1 hour ago 6 sources positive

Key takeaways:

  • Bitcoin ETF flows show profit-taking, not conviction, challenging the CPI-driven rally's durability.
  • Overbought conditions and a 2018 fractal warn of a possible bull trap near $65,000.
  • Softening inflation diverges from 2018, offering a chance to break the bearish pattern.

Bitcoin surged to a three-week high of $65,000 after the U.S. Consumer Price Index for June came in below expectations, showing a 3.5% year-over-year increase compared to the anticipated decline from May's 4.2%. The softer inflation data ignited a sharp rally across the crypto market, with the total market capitalization adding over $60 billion in a single day to reach $2.28 trillion.

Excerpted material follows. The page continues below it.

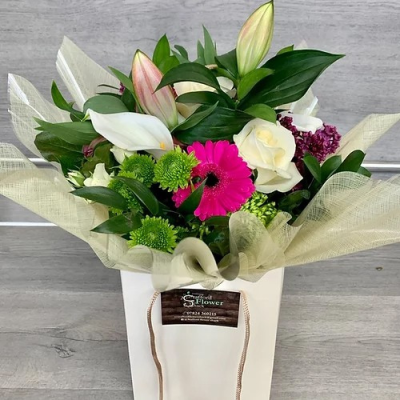 Candy Shimmer - Seasonal Flowers create this amazing bouquet hand tied and presented in a gift bag or box- just the perfect floral gift for anyone. Order for same day delivery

Ethereum climbed toward $1,900, while altcoins broadly turned green. ZEC led large-cap gainers with a 9% rise above $550, while LINK and HYPE added around 5%. Notably, Pi Network’s PI token, which had been plumbing consecutive all-time lows, staged a dramatic 16% bounce from a low of $0.07 to trade above $0.085.

However, the rally faces headwinds from a technical pattern that bears a striking resemblance to the summer of 2018. Analyst Benjamin Cowen highlighted that Bitcoin’s weekly price structure has followed the same sequence: two green weeks, a red week into the CPI release, and a bounce. In 2018, that pattern topped out in late July or early August before reversing all gains by September. Cowen cautioned that the current setup could see a similar outcome if history repeats.

Additional pressure comes from an overbought RSI reading of 76 on the 30-minute chart, signaling the move was swift and may be due for a pullback. Spot Bitcoin ETFs, a new factor absent in 2018, added to the uncertainty. After breaking an eight-week outflow streak with a $197 million net inflow, the complex reversed sharply with a $424.7 million outflow on July 13, the largest single-day drain in weeks. This whipsaw suggests institutional flows are not yet stable enough to support a sustained bounce.

The rate backdrop also differs: the 2018 analog occurred mid-hiking-cycle, whereas current softening inflation may shift Fed policy. Market participants now eye the July CPI release in mid-August to gauge whether the disinflation trend holds and whether Bitcoin’s price structure continues to track the 2018 template.